The ground-floor of one of Chicago’s most famous buildings just sold, and the buyer thinks foot traffic is coming back.
Chicago-based North American Real Estate acquired the retail portion of the iconic Tribune Tower, the first time the ground-floor space of the 36-story neo-Gothic landmark has been sold as a retail-only property, CoStar reported.
The sale price was not disclosed and has not yet appeared in public records. Brokers at Eastdil Secured began marketing the 47,000-square-foot space at 435 North Michigan Avenue early this year on behalf of sellers CIM Group and Golub & Company, which bought the tower in 2016 for $240 million to convert most of it into condos. The newspaper moved out in 2018.
North American Real Estate principal Savas Er said the Michigan Avenue corridor is showing signs of recovery and his firm sees opportunity in filling out the 64 percent vacant retail portion with a mix of smaller tenants along the pedestrian-heavy Pioneer Court plaza, and larger tenants along the avenue. Tenants include the Museum of Ice Cream, Blue Bottle Coffee and luxury watch retailer A. Lange & Söhne.
“There are not many small-shop spaces available on Michigan Avenue,” Er said. “We purchased at a good basis, so we have an advantage in filling the vacancies.”

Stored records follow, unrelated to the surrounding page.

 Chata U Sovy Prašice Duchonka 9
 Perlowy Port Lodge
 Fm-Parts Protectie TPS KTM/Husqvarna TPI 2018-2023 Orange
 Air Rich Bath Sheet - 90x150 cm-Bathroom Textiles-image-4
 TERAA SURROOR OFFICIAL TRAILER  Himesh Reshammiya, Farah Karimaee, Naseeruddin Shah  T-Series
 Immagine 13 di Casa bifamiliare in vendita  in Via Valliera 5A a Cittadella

North American Real Estate has been active buying discounted retail properties across the city, including a Lakeview shopping center on Clark Street and the Flat Iron Arts Building in Wicker Park. Last year, it paid $47 million for an office and retail building just north of Tribune Tower, less than half its 2016 sale price, a reflection of broader challenges on the Magnificent Mile, where vacancies have climbed and owners have cut asking rents to attract tenants.

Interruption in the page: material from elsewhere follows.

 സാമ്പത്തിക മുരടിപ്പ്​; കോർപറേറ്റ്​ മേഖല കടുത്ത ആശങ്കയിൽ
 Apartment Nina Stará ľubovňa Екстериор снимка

But new leases and attraction openings, including a large Harry Potter store and Spanish retailer Mango’s North Michigan Avenue debut, point to a modest retail rebound.
The Tribune Tower’s façade famously incorporates fragments from dozens of historical sites around the world, including the Parthenon, the Taj Mahal and the Berlin Wall. The tower itself was built after a 1922 international design competition, won by architects John Howells and Raymond Hood, to commemorate the Chicago Tribune’s 75th anniversary.